13. The player, for his part, rejected the Claimant’s claim. Firstly, he argued that the termination of the contract took place by mutual consent in accordance with the termination agreement, therefore the Claimant was not entitled to any compensation by the player.
14. Secondly, the player submitted that clauses IV and V of the termination agreement were both ambiguous and disproportionate. In this regard, the player was of the position that such clauses should be considered null and void as they generated a meaningful doubt as to the amount of compensation payable to the Claimant, were not reciprocal, and were manifestly unbalanced in favour of the Claimant.
15. Additionally, the player denied having received any previous communication from the Claimant, and further stated that no penalty was due by him to the Claimant as he was not obliged to make any payments.
16. Lastly, the player argued that he could not assign his economic rights to third parties as he was not the owner of such rights. Accordingly, the First Respondent requested the claim to be dismissed.

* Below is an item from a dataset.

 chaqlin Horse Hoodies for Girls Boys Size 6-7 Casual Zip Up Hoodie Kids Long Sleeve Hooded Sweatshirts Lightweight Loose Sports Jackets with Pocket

17. The Second Respondent, for its part, contested the competence of the FIFA Dispute Resolution Chamber to hear the dispute. In this sense, the Second Respondent submitted that it was not the new club of the player in the sense of art. 17 par. 2 of the FIFA Regulations on the Status and Transfer of Players, therefore concluding that it should be the FIFA Players’ Status Committee the competent adjudicatory body. What is more, the Second Respondent observed that, in light of such situation, the Claimant should have paid the advance of costs, and by not doing it the claim was to be held inadmissible.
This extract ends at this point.